The Omni Channel Imperative

Here’s one of the best articles I have read detailing the need for traditional retailers to evolve to an omni channel retailing future.  This quote:

“Yet the historical vagaries of how companies have applied technology to the customer relationship has meant that solutions have long been channel-centric, instead of customer-centric. While the majority of companies certainly do have modern call centers, social media marketing plans, e-mail campaigns, a mobile app strategy, an SEO policy, and so on, they are frequently unsynchronized and siloed.”

summarizes quite nicely the issues most traditional retailers face as well the solution which is better integration between sales channels so that they complement one another in more effectively serving their customers.

Amazon is more than content to use retailers struggles here to continue to develop and hone its advantage.  And Amazon’s move to same day delivery amps up the pressure on all retailers.  eBay is also moving aggressively as well.  Amazon and eBay both are effectively flipping the bird to all traditional retailers and daring them to keep up.  And neither has any plans to slow their pace.

While Walmart, Best BuyTarget and others are finally starting to shows signs of life, is it too little too late?  Who, if anyone, can slow Amazon’s and eBay’s march towards retail domination?  And can a traditional retailer(s) stand up to them, and if so, who?  While its still early in the game, online sales are still only ~5.5% of all retail sales, traditional retailers need to stop ceding ground here and start more effectively managing cross channel interactions with their customers.

3 thoughts on “The Omni Channel Imperative

  1. Christopher S. Rollyson [csrollyson]

    @Bill, I like what you’re doing here.
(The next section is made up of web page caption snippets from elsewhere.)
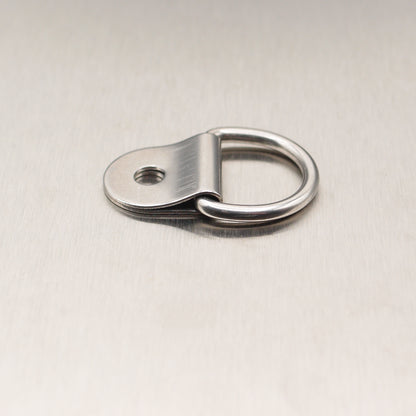 3mm x 20mm Stainless Steel Dee Ring and Cleat - AISI 316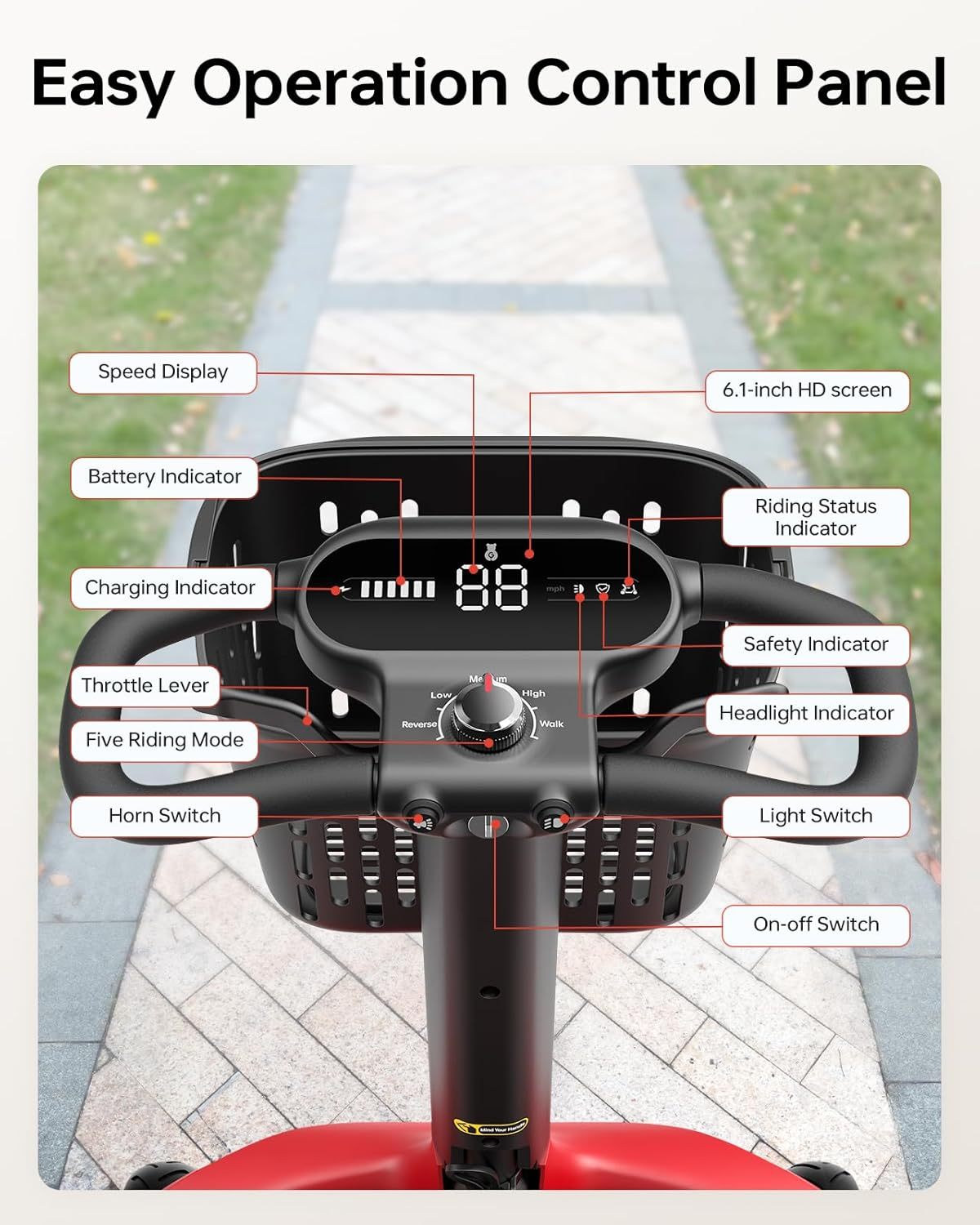 ⚡Clearance Sale⚡Folding Mobility Scooters for Seniors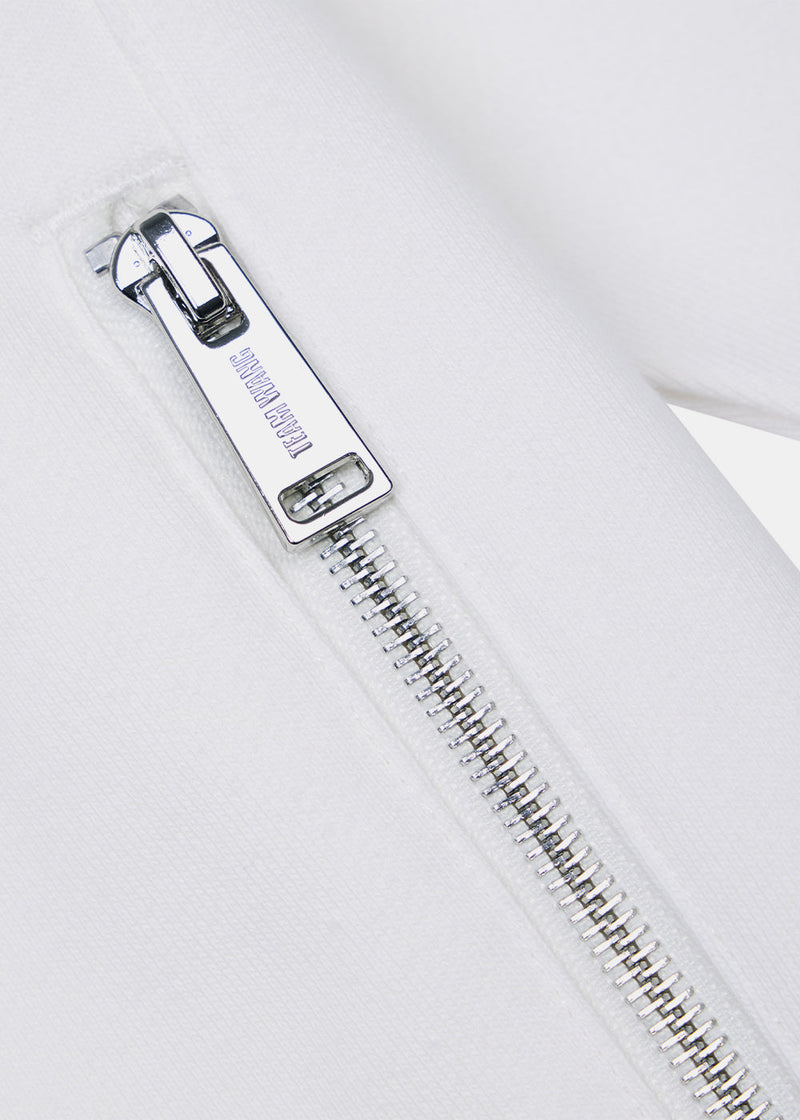 TEAM WANG White Zip-up Casual Jacket (Pre-Order)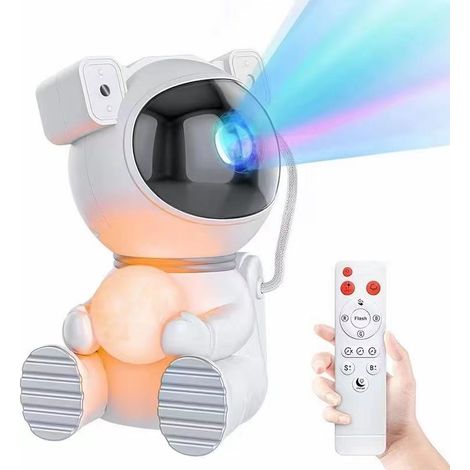 Projecteur Galaxie Astronaute avec Lumière de Lune - Veilleuse Nébuleuse LED pour Enfants et Adultes - Cadeau Décoratif (1/5)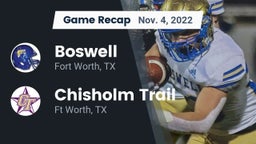 Recap: Boswell   vs. Chisholm Trail  2022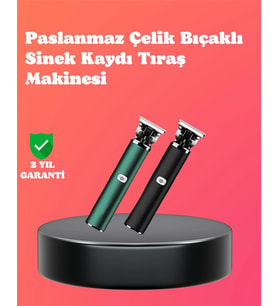 Paslanmaz Çelik Bıçaklı Sinek Kaydı Tıraş Makinesi Uzun Ömürlü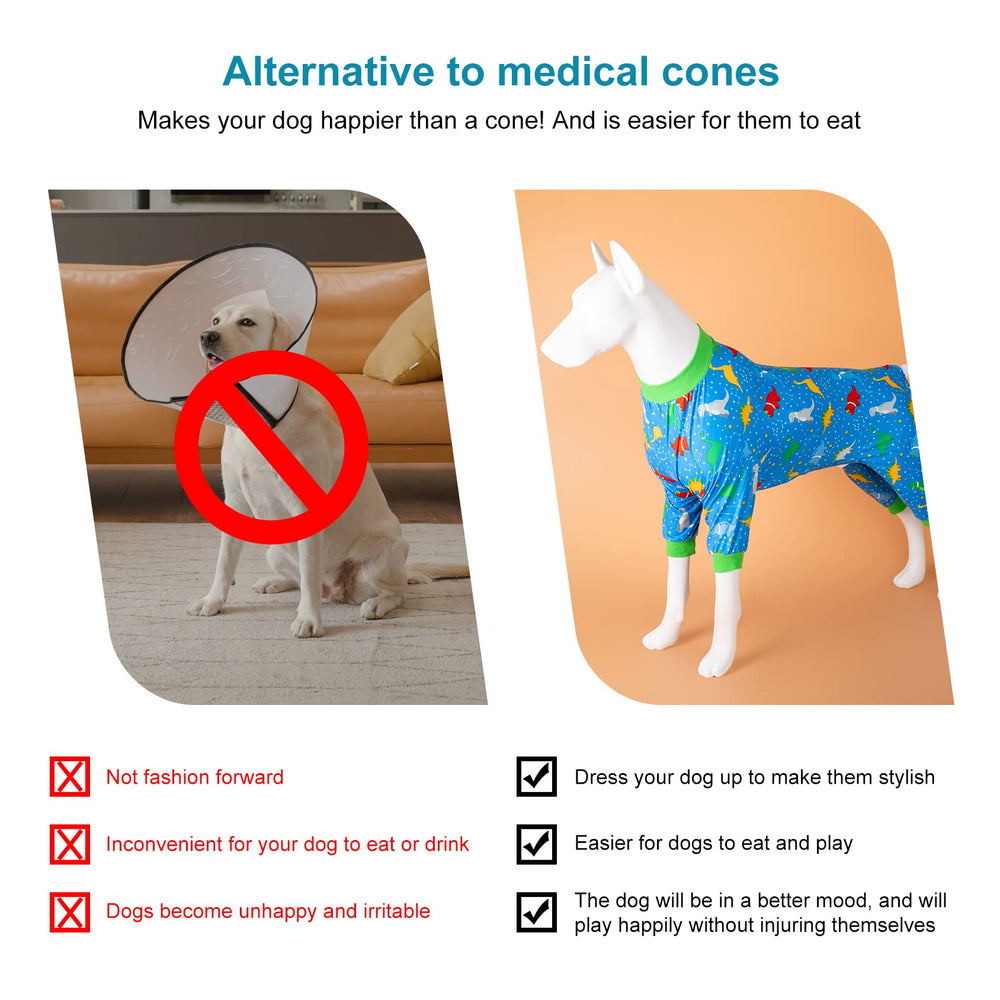 LovinPet green-blue medium dog onesie showcases versatile colorway.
I am just launching the Ecommerce Competency Center within the Chief Digital Office, and I’ve been doing a lot of due diligence though which I found omnichannelretailing.com.

    You seem to be saying that “traditional” retail (offline) is in deep trouble. Since you’re more of a retail guru than I, can you expand on that idea? In my experience as a management consultant with disruptive tech, use cases are key because adoption is always uneven. Therefore, the question I have is, “In what product categories do offline retail have the advantage?” My general observation is that non-standardized products like apparel, non-packaged food, unique styled items, etc. come to mind because customers like to “touch” them before buying.

    In case you haven’t seen it, IBM IBV’s paper on omni-channel adoption was so good I wrote a long riff on it. See: http://tinyurl.com/retailtfibm

    Reply
    1. Bill Davis Post author

      My perspective is traditional brick and mortar retailing is being heavily challenged by the emergence of eCommerce, in 15+ years ~5.5% of retail sales in the US have migrated online, this is exponential, not linear, growth and the signs point to this accelerating. There aren’t any traditional brick and mortar retailers who can keep up with Amazon and eBay online and they won’t slow down until someone forces them to. And at least where I live, greater Seattle, there isn’t a shopping complex that I drive by that doesn’t have at least one empty storefront.

      The only suggestion I can make is for retailers to embrace omni channel retailing as they need to keep up with consumers’ demands/wants and as its early there is no one right/wrong way to manage this. Zappos, part of Amazon, and Warby Parker are blowing a hole in the myth that non standard products can’t be sold via the web and advances in technology are only going to improve that experience. And more traditional retailers like L.L. Bean and Nordstrom are showing that apparel sells just fine online. In fact, in 2010 L.L. Bean’s eCommerce sales exceeded its phone orders for the first time and they haven’t looked back since.

      Brick and mortar retailing isn’t going away, but it will continue to cede ground until the traditional brick and mortar retailers start to find ways to combat Amazon and eBay. Whereas shipping was a significant issue on large and odd sized items, Amazon has eliminated that with Amazon Prime. And Amazon is now targeting nationwide grocery delivery.

      While for the most part more traditional retailers have been embracing eCommerce for the last 10+ years, following the companies breaking new ground isn’t going to re-establish their leadership position. Omni channel retailing focuses on finding ways for companies sales channels to support and complement one another so all I am suggesting is that if retailers want to get out in front on the next chapter in retailing, embracing OCR is their best bet in my opinion.

      Thanks for sharing your post as its a useful and enlightening read.

      Reply
      1. Christopher S. Rollyson [csrollyson]

        Bill, thanks for clarifying your point of view. Although not a retail specialist, I have experience in various aspects of digital technology consulting since ’95 that corroborates your point of view. I’m working on a couple of visionary “retail” ideas that will post on http://rollyson.net/category/retail-entertainment. BTW, although you probably know them, I just encountered embodee.com, which aims to further break down the advantage that physical stores now have with “high touch” goods like apparel. I’ll predict that such technologies, combined with increasing portions of populations that are accustomed to “immersive” online experiences will kill retail faster than anyone thinks—unless it reimagines itself as entertainment or some other immersive experience.